By Kathy Gilbert, UMNS-
The first time she stood and faced a packed church as the newest bishop of the Western Jurisdiction, Karen Phyllis Oliveto was blessed with a resounding standing ovation. On July 16, the pews at Paradise Valley United Methodist Church in Scottsdale, Arizona, were filled with family, friends, and supporters who cheered and danced with her to the recessional hymn, “Somos el Cuerpo de Christo, We Are the Body of Christ.”

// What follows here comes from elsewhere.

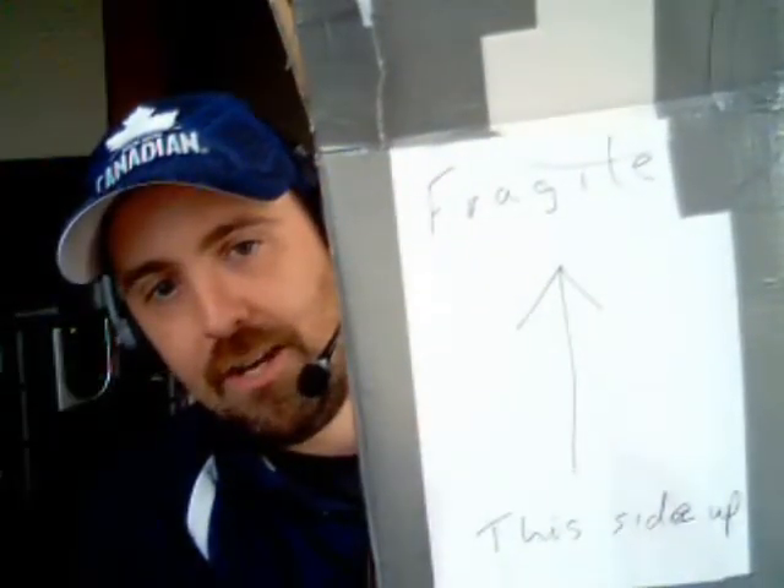And unbelievably, check it out — he packaged most of these beers with just a little bit of newspaper and not even bubble wrap, just plastic wrap. Just put four bottles in a box and wrote 'fragile this side up' on it, and somehow the beers came perfectly — not a scratch on them. I figured that when I opened this box, at least a couple would be busted going through Canada Post, but everything's looking good.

As the first out lesbian to be elected a bishop, she is not receiving the same affirmation from across the denomination. Her day started with a press conference where she and Greater Northwest Episcopal Area Bishop Grant Hagiya answered questions about what her election as bishop means, since the denomination forbids ordaining practicing, self-avowed homosexuals. Oliveto has been legally married to Robin Ridenour for more than two years, and they have been in a relationship since they met at a junior-high camp as counselors 17 years ago.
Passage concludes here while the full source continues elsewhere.